Tangled Irish History


"Making Empire

By Jane Ohlmeyer

Oxford, 368 pages, $36

In 1643, after one of the worst outbreaks of sectarian violence in early modern Ireland, a landowner turned up at a government inquiry with an inventory of his losses. John Fortune complained that Catholic rebels had plundered his recently established farmstead. He had been robbed of cattle, sheep and household goods to the value of GBP 30.

Such losses were typical of those recorded by the rebellion's victims. But Fortune's story was in other respects extraordinary. For he was a most unusual "British planter." He had been born in India, possibly as a Zoroastrian, and had worked 20 years for an East India Co. officer before arriving in Ireland as part of another imperial project, this time to benefit himself.

Fortune, like many of his era, was a subject, beneficiary and agent of the British imperial project. His story appears in an impressive book by Jane Ohlmeyer, a professor of history at Trinity College Dublin. "Making Empire" examines how the Irish were not only harmed by empire but also frequently complicit in and conflicted by it. Critiquing the simplistic victim narratives that too often pass as Irish history, Ms. Ohlmeyer describes the process by which Ireland became the first of England's colonies as well as the legislative and administrative model for other imperial projects around the globe.

Ireland's subjugation to England can be dated back to the Anglo-Norman invasion of the late 12th century, but it took on new dimensions with the highly ideological plantation projects that began 400 years later. 

It was in the late 16th and 17th centuries that policies of appropriation and control were most vigorously enforced in Ireland, when English military forces put down Irish risings with such brutality that the island's population might have been reduced by around 20%.

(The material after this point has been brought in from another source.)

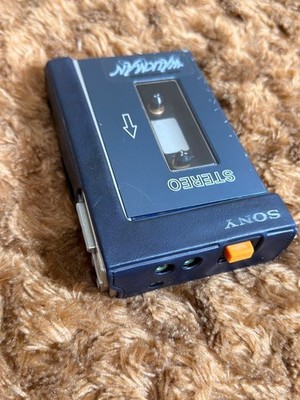 SONY 初代WALKMAN TPS-L2 SONY WALKMAN TPS-L2 The First Walkman Caset Player Junk | eBay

These colonizing instincts, Ms. Ohlmeyer observes, reached their apogee during the 1649-53 invasion led by Oliver Cromwell. The invading army pursued scorched-earth strategies of total war, partly justified with reference to the recent Catholic uprising. The campaign led to massive land confiscations, the imposition of martial law, the extraction of valuable resources, and the removal of political power with the collapse of the parliament in Dublin and the entry of Irish MPs into a centralizing imperial parliament in London.

With the native population demoralized and demographically reduced, English administrators developed one of the most advanced cartographical projects of the period, producing remarkably accurate maps of Ireland that were used to support the emerging science of political economy. But many of those who had invested in the Cromwellian conquest of Ireland began to look for better returns elsewhere. Growing in influence on the board of the East India Co., they exported techniques of colonial administration into territories that they acquired on the subcontinent and, increasingly, elsewhere.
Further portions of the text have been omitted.